Published: 2011/04/11

by Bill Bentley

Robbie Robertson: Seeing Around Corners

Today, he laughs at how The Hawks were fired from the Peppermint Lounge in New York City early in their career and learned a lesson that stayed with him forever. “They wanted us to play twist music, but we thought that was really corny and said no,” Robertson recalls. “We were coming from a different place. We’d been out there hearing music from up and down the Mississippi River and capturing that. When Music from Big Pink first came out [in 1968], people said you could hear gospel influences, mountain music, blues—all these things we’d gathered with a certain kind of maturity. We incorporated that into what we played without ever being too obvious. There wasn’t music like it then, but we felt like it was our music and stayed with it.”

Longtime fans will find an incredible depth in how Robertson looks back at the unraveling of The Band on How to Become Clairvoyant. For the first time—really—he clearly faces that historical juncture, singing: “Walking out on the boys was never the plan/ We drifted off course, couldn’t strike up the band.”

It’s a literal look at where that group lost its way. After The Last Waltz concert in 1976 at Bill Graham’s Winterland arena in San Francisco, the five members were at a crossroads. For Robertson, continuing on as a group without drastic changes to their lifestyle was not an option. “I just knew I couldn’t work in the circumstances we were in,” he says. “We needed to turn things around or put them upside down from how we’d been working. Everything had become so unhealthy and dark, but I didn’t know what to do. But I never said I was quitting The Band.

“What I was saying was we can’t go out on the road in the condition that The Band was in. We can’t do that. So the idea was to go off and shuffle the deck, do some solo projects and freshen up. Then come back together. But nobody came back. Everyone was relieved to be off on their own. I just saw the writing on the wall and acknowledged it.”

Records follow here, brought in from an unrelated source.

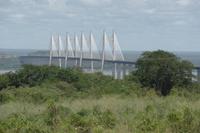 Orinoco -  Rundreise Venezuela – Natur und Abenteuer pur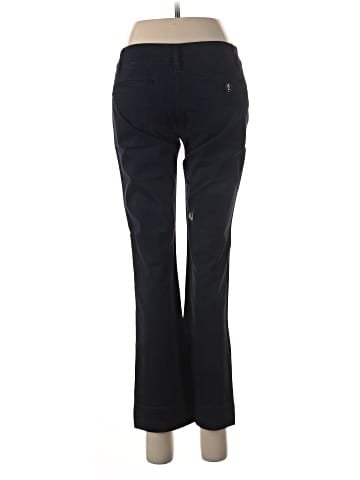 Paper Boy Casual Pants (view 2)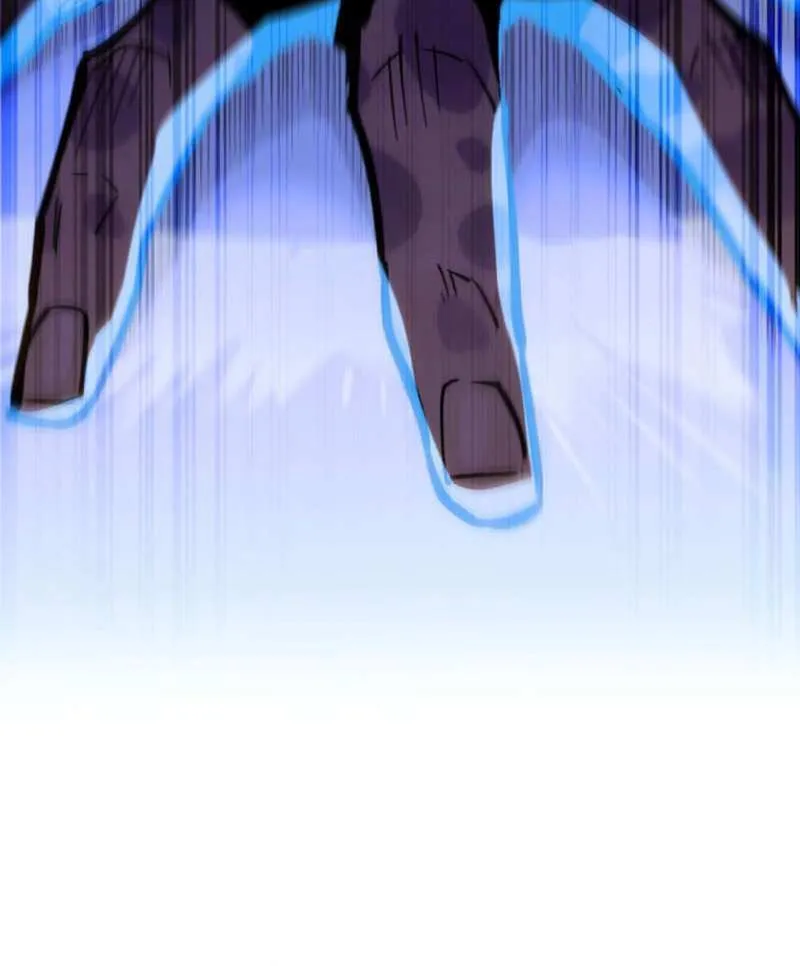 Infinite Awakening Chapter 9 page 20 - 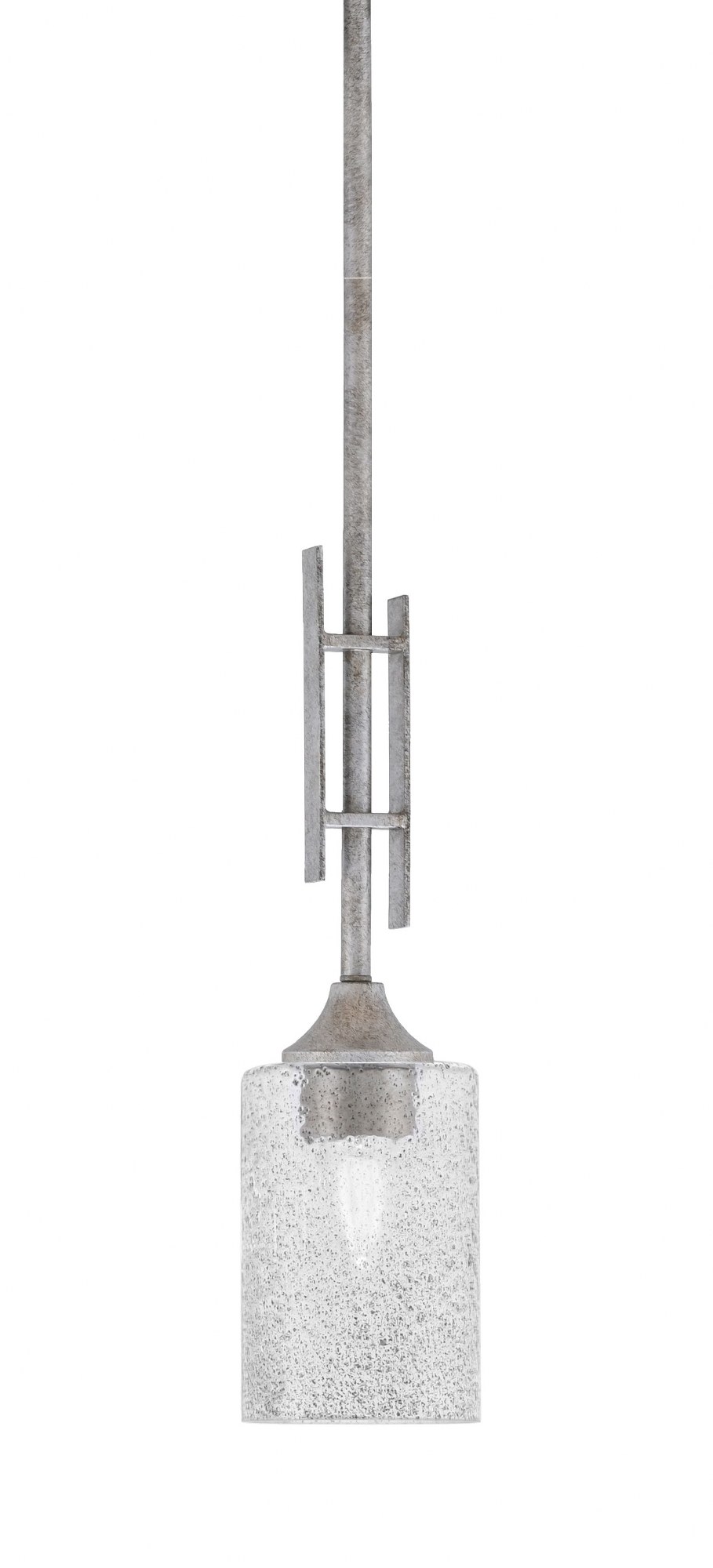 320-AS-3002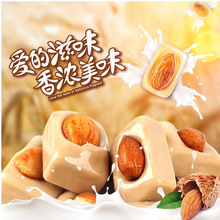 �����̴����ǰ͵�ľ����ϲ���ǹ����lϲ���k������ʳ250g/���Թ�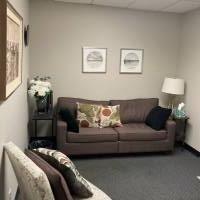 white-plains-beautiful-office-space-for-rent-north-white-plains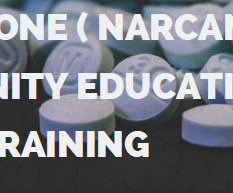 r training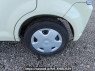 Used 2007 AT mitsubishi ek-wagon H82W Image[37]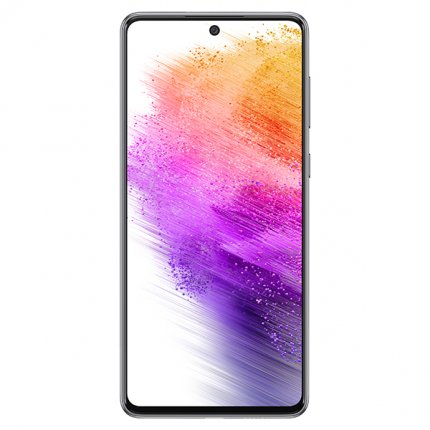Купить Samsung Galaxy A73 128Gb в Бишкеке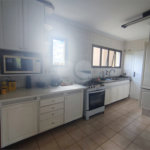 Apartamento à venda com 3 quartos, sendo 2 suítes,  em Vila Rica, Jundiaí, SP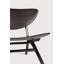 Eye Chair-1070175076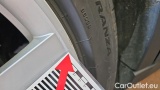  Skoda  ENYAQ 80 #21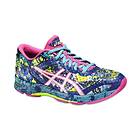 asics gel noosa tri 11 femme asics gel noosa tri 11 femme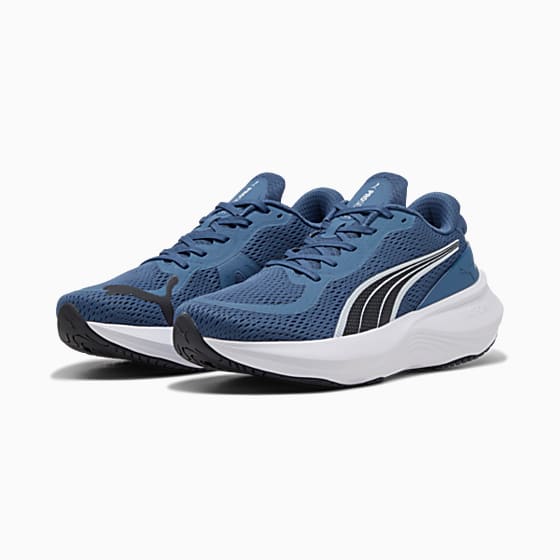 Görüntü Puma Scend Pro 2 Koşu Ayakkabısı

For fans, that might have made Robbie Robertson the bad guy; but for him, it was a matter of staying true to what he thought the group’s legacy was.

***

How to Become Clairvoyant is Robertson’s fifth solo album and his first in more than a decade. It feels like the one he’s been meaning to make since he left The Band all those years ago. There is a breathless self-awareness at the heart of each song that pulls his five decades of music making together into a cohesive whole. For those who still think that The Band was the apex of a certain school of rock and roll, this new music will arrive like an alluring postcard from a longtime friend who’s been out of sight but not out of mind.

The songs tell a life story even though that wasn’t the initial plan. “It evolved into that,” Robertson says, “and very naturally. That’s why I was able to go and write in such a reflective tone. I’ve never been very comfortable doing that in the past, which is why I wrote as more of a storyteller using fictional characters. Of course, a lot of your personal life seeps into that. Still, I was always adverse to the ‘me, me, me’ songwriting syndrome. It was a self-indulgence thing I was never comfortable with. And when I started writing for The Band, I was writing for others. I couldn’t show up and say, ‘Guys, I just wrote another song about myself.’ That wouldn’t have worked.”

For an artist like Robbie Robertson, there comes a point when he must decide whether it’s worth trying to make new and relevant music. After a ten-year gap of solo albums, the dilemma seemed quite real for him. “Without sounding presumptuous about this, I thought quite a few years ago, I thought, ‘I’ve done what I’ve done,’” Robertson says. “I decided I’m going to do what I like and not going to do what I don’t like. I’ve earned that. For me, though, I have a real yearning for learning things and challenging myself. I like to do things that I don’t quite know how to do, and making discoveries. So that’s how I set out to make this album.”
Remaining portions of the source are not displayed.